▶ **What the task requires**: Leave out every picture and set down, exactly, the lines below from the one holding "A group sitting around a conference table." up to and including the one holding "Người xe bì".

BEGIN Dataset records

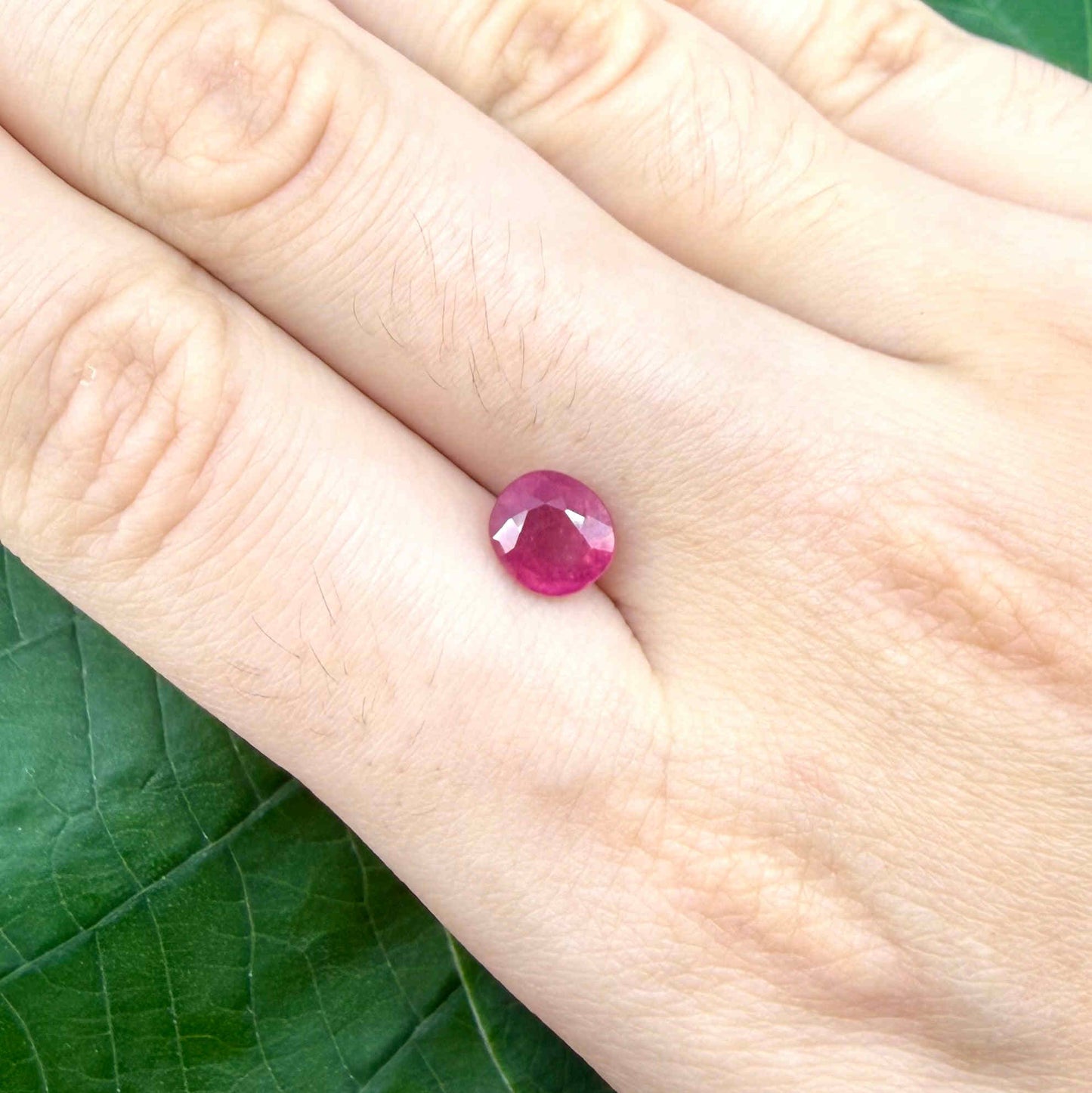 2 ct natural pink-red ruby from Mozambique, oval cut.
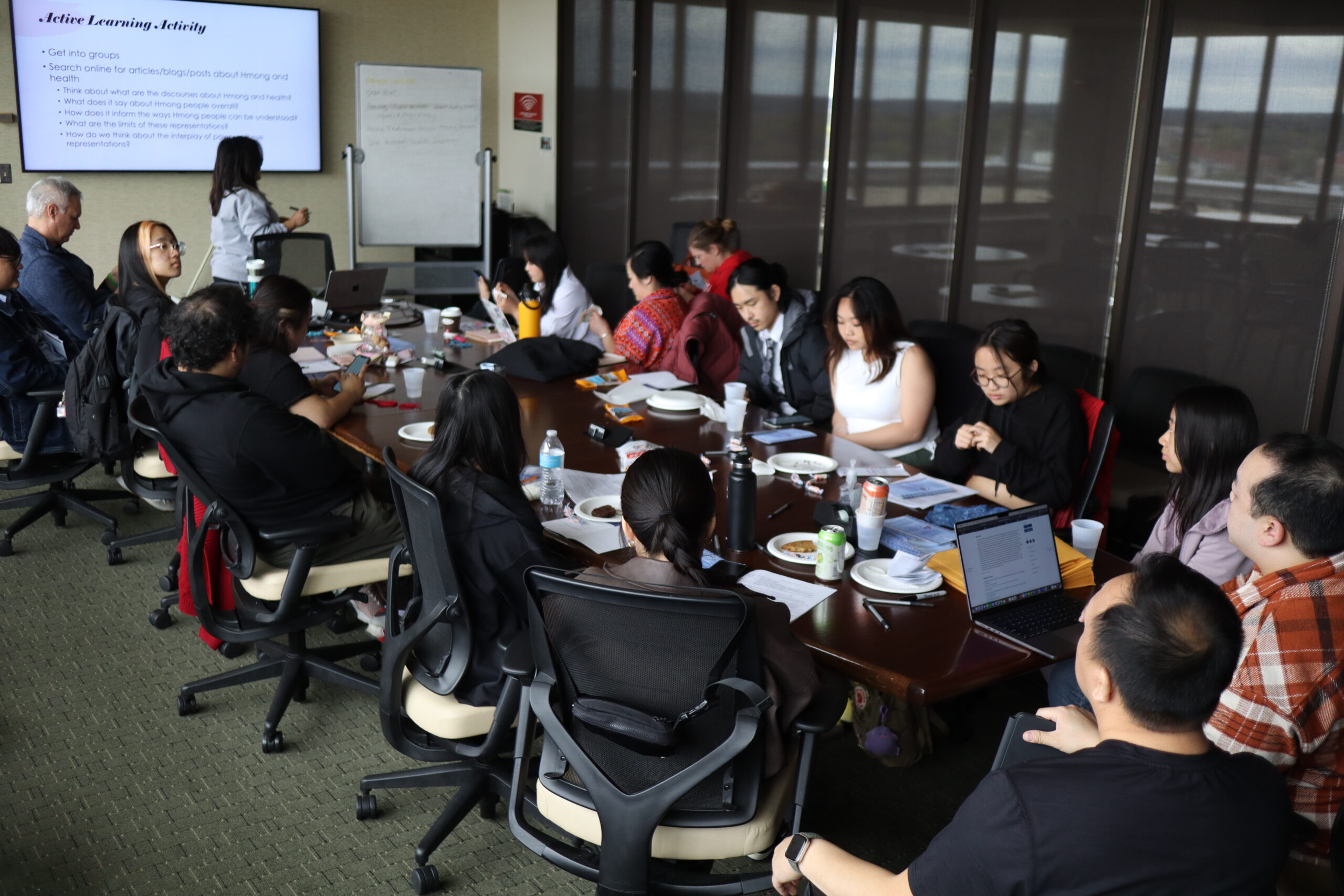 A group sitting around a conference table.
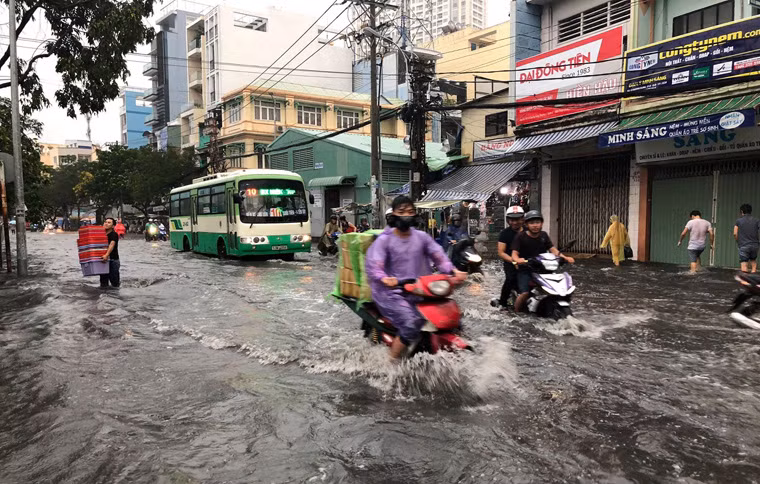 Người xe bì bỗm lội qua khu vực chìm sâu trong biển nước.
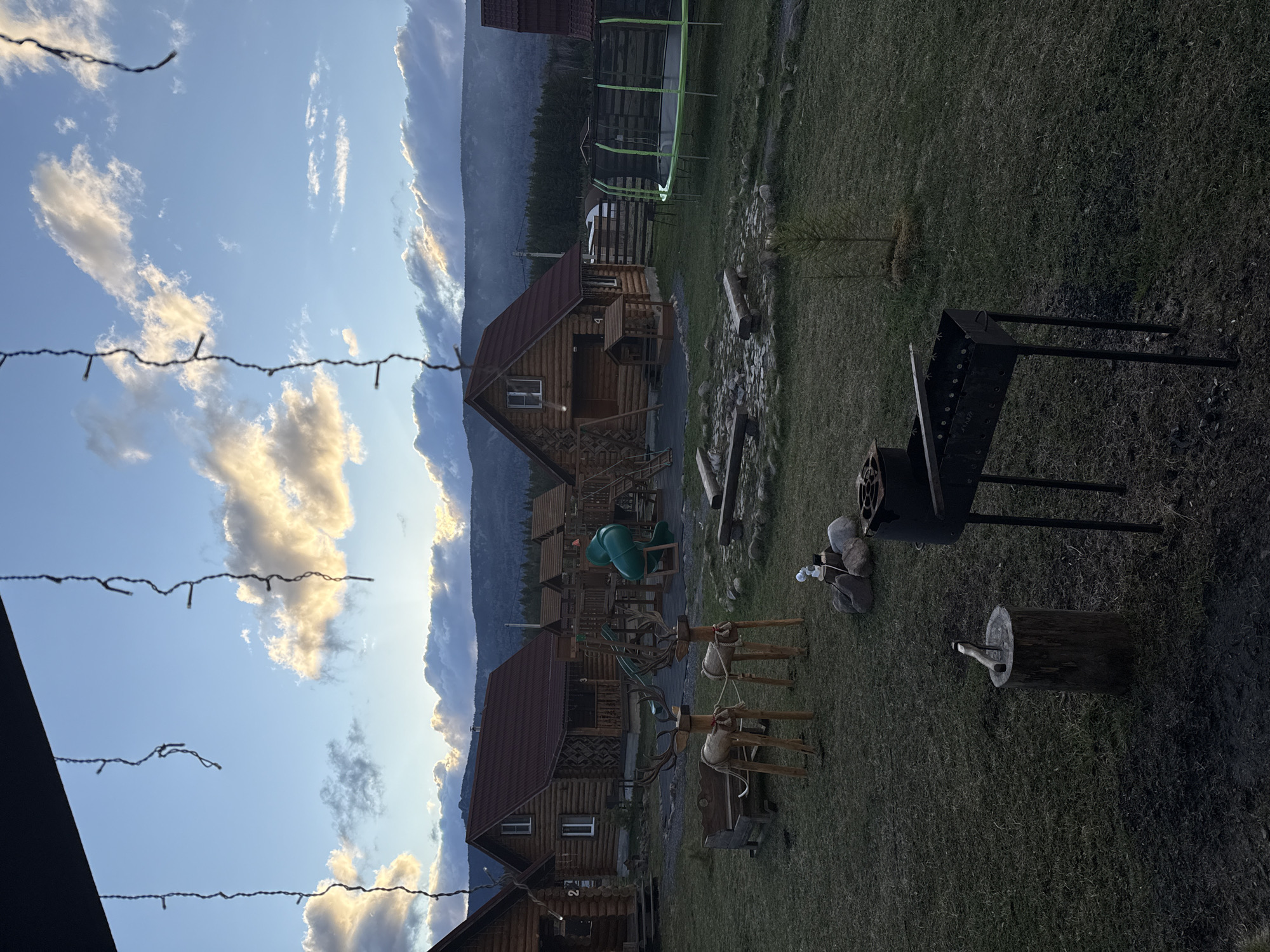 The image depicts an outdoor scene at dusk, likely in a rural or mountainous area, possibly in the city of Tyulyuk, Russia. Wooden cabins with dark red roofs are visible, suggesting a tourist or recreational resort. In the foreground, there are wooden deer statues, a grill, a log with an axe, and a small makeshift fire pit. A trampoline is visible behind one of the cabins. The sky is a mix of blue and clouds tinged with the setting sun's light, with mountains in the background. Strings of lights are strung across the top of the frame. The scene appears to be quiet and peaceful.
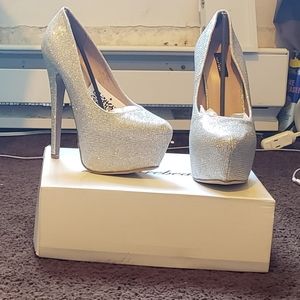Stilettos, heels. Size 6.5. Silver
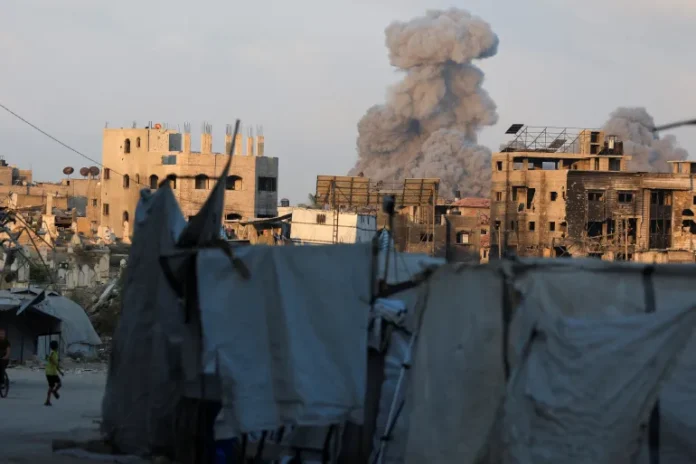 Palestinian families evacuate Gaza City neighborhoods under heavy bombardment as Israeli forces begin early stages of planned ground offensive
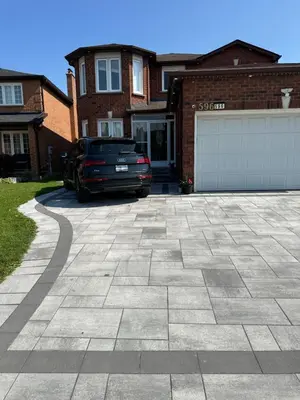 a driveway with a car parked in front of a house at VP1 master bedroom on second floor in Mississauga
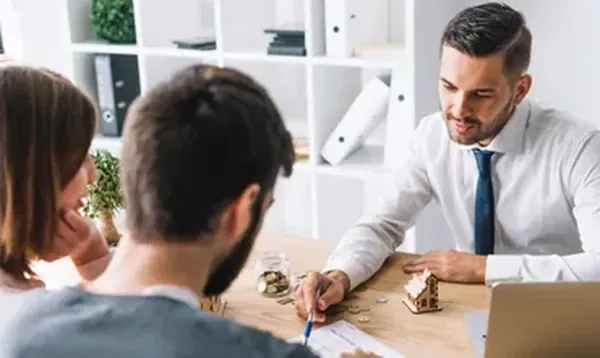 Un hombre de camisa blanca y corbata explicando a una pareja en que consiste la administración de condominios CDMX.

END Dataset records

▶ **Output of the task**:
 A group sitting around a conference table.
 Người xe bì bỗm lội qua khu vực chìm sâu trong biển nước.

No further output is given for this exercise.